#### PROVIDED DATA
== == ==
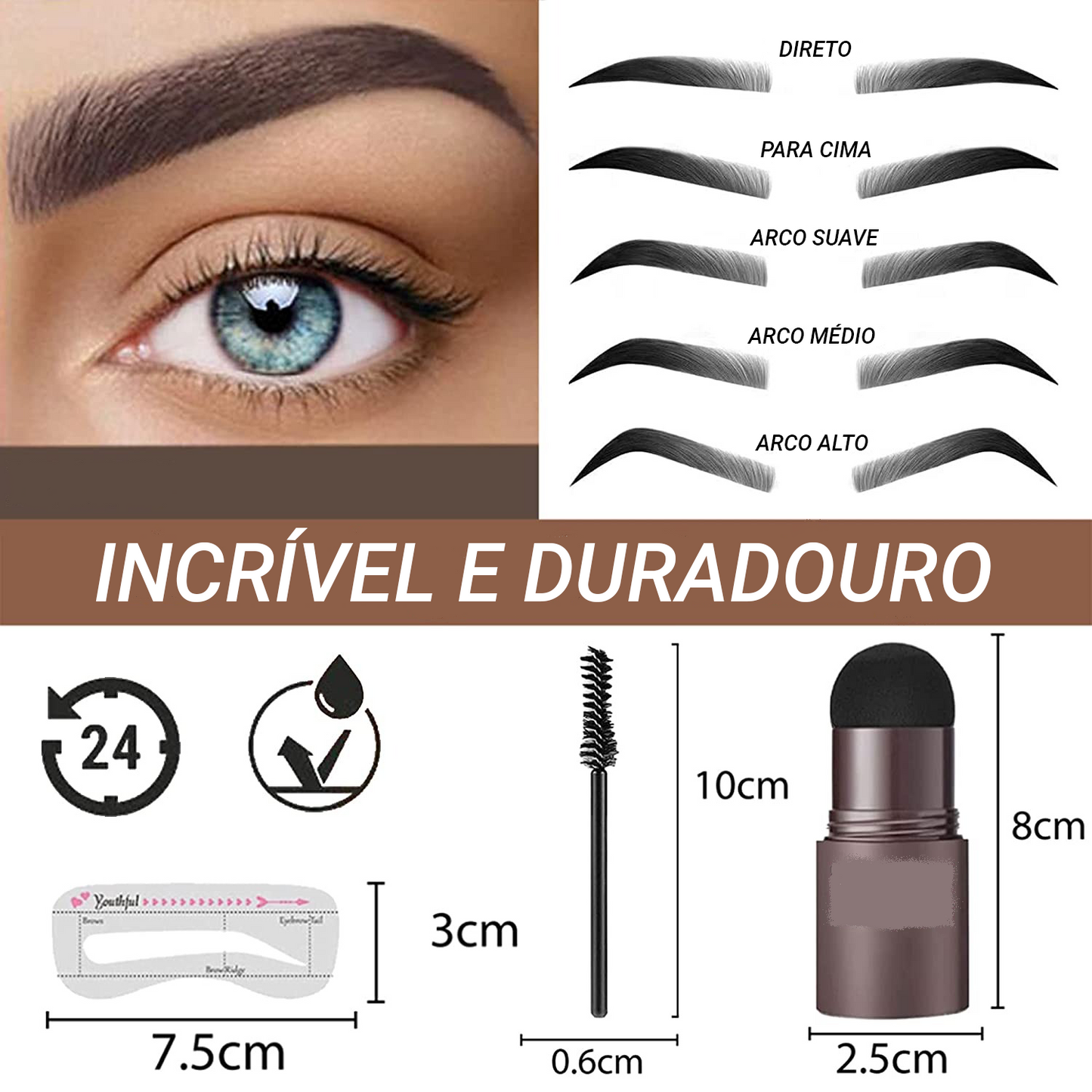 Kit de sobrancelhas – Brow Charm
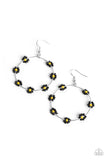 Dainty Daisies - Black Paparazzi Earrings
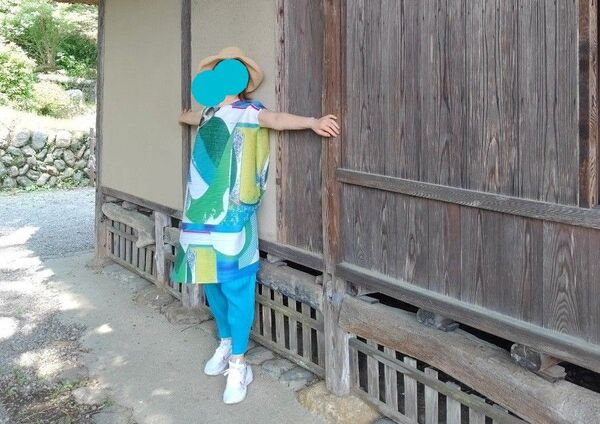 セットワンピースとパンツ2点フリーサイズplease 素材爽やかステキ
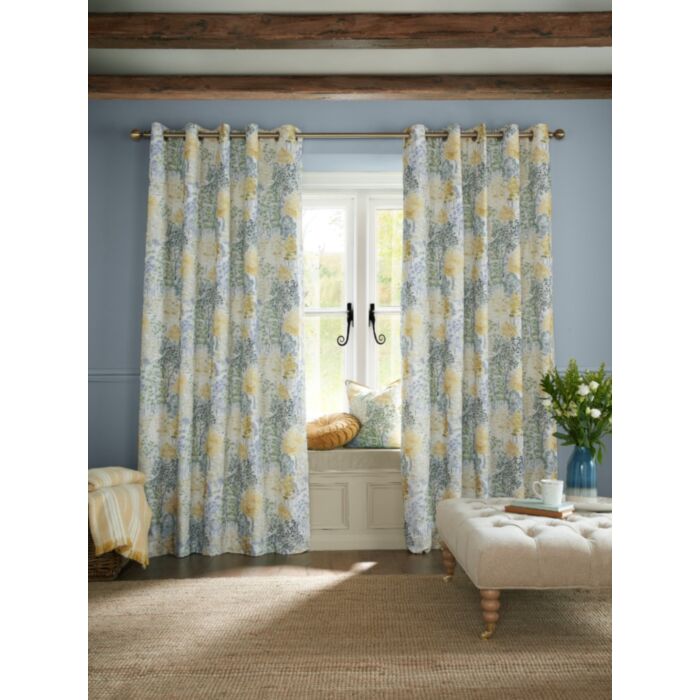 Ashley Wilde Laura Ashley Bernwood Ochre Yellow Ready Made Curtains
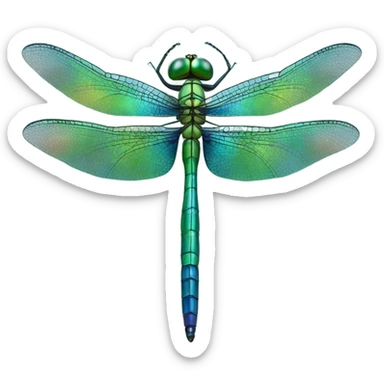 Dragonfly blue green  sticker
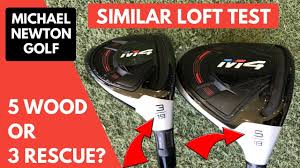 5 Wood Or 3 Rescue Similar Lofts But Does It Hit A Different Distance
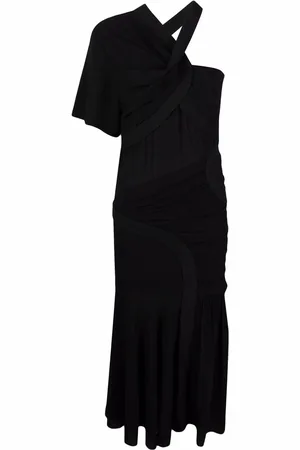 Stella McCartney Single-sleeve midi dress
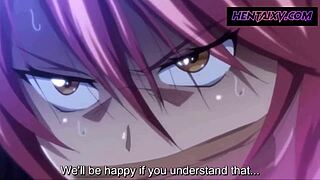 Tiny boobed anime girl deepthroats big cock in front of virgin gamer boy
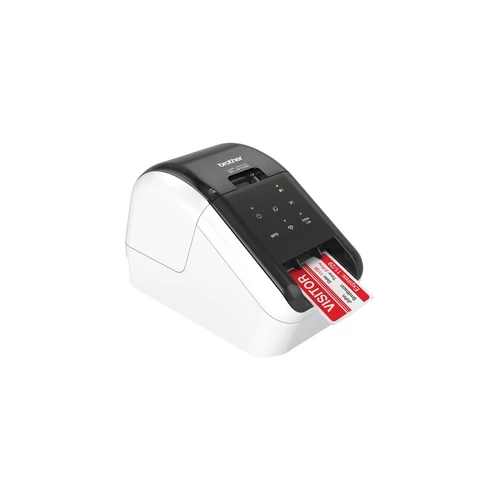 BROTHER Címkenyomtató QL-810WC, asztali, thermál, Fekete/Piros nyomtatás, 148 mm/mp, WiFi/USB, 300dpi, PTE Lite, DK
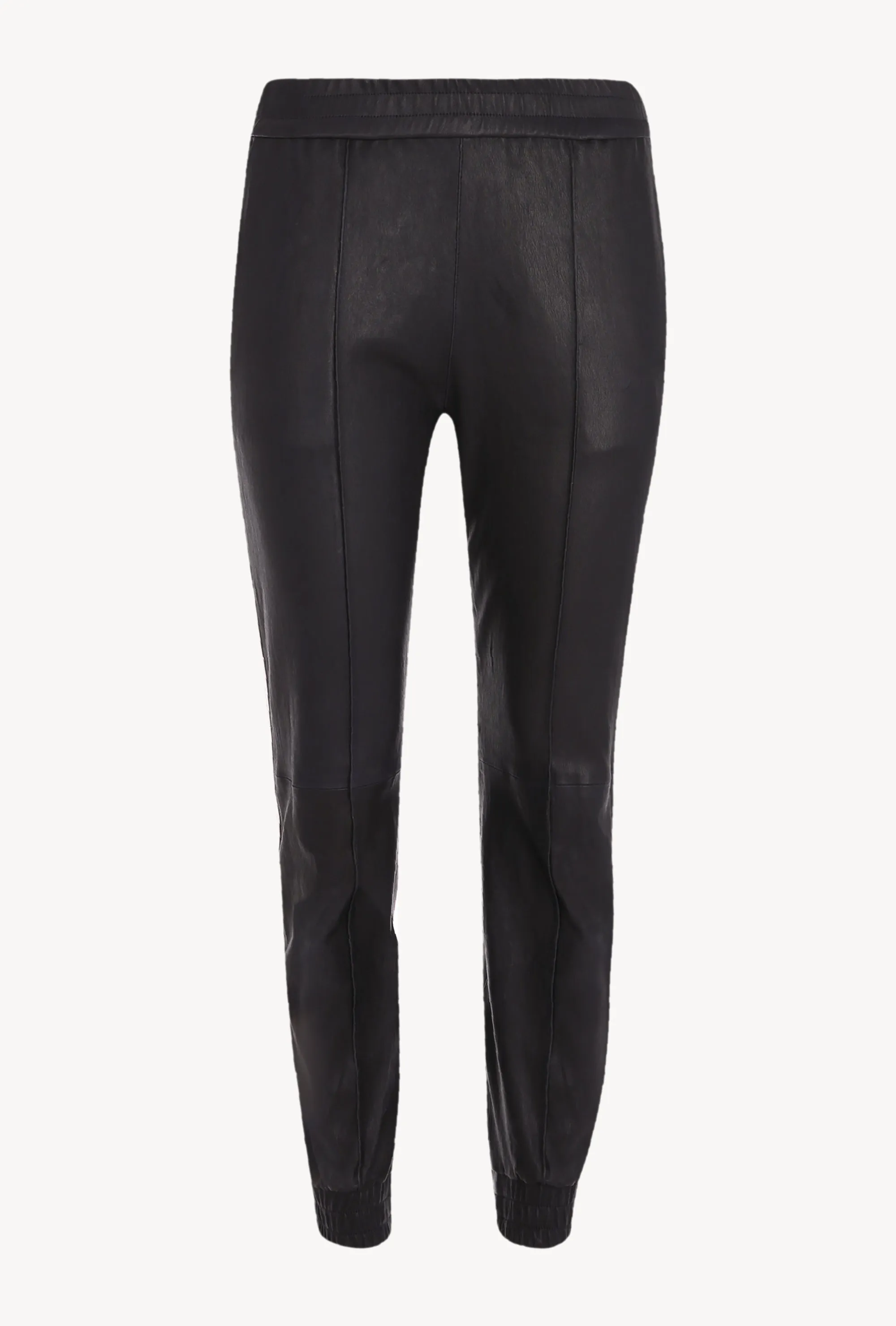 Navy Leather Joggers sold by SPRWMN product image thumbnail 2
== == ==
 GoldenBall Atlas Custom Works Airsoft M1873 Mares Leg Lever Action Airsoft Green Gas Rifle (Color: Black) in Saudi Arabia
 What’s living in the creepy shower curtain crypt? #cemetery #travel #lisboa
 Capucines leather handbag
== == ==
#### TASK
For this exercise, transcribe exactly the part of the records above that opens with the line containing "5 Wood Or 3" and closes with the one containing "Navy Leather Joggers". Pictures are not part of the copy.

#### WRITTEN REPLY
 5 Wood Or 3 Rescue Similar Lofts But Does It Hit A Different Distance
 Stella McCartney Single-sleeve midi dress
 Tiny boobed anime girl deepthroats big cock in front of virgin gamer boy
 BROTHER Címkenyomtató QL-810WC, asztali, thermál, Fekete/Piros nyomtatás, 148 mm/mp, WiFi/USB, 300dpi, PTE Lite, DK
 Navy Leather Joggers sold by SPRWMN product image thumbnail 2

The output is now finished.